#### INFORMATION SUPPLIED
════════════════════
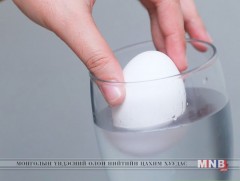 Шинэхэн өндөг мөн үү биш үү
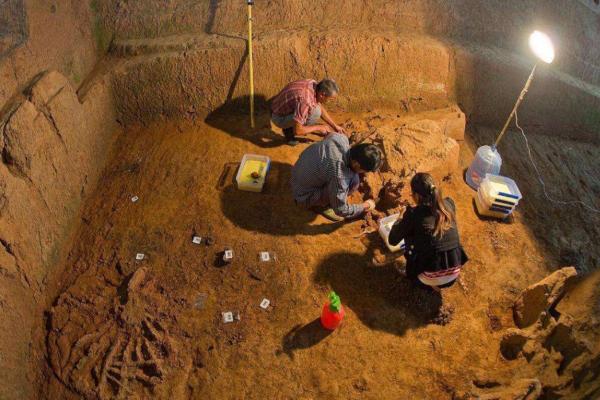 考古鼻祖古墓被盜，執法人員調查後發現，盜墓賊竟是墓主後代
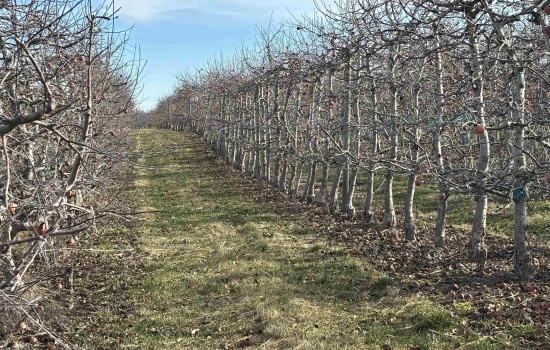 Agricultural Land For Sale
════════════════════
#### ACTION ITEM
Copy each line of the listing exactly, skipping any picture.

#### RESPONSE AREA
 Шинэхэн өндөг мөн үү биш үү
 考古鼻祖古墓被盜，執法人員調查後發現，盜墓賊竟是墓主後代
 Agricultural Land For Sale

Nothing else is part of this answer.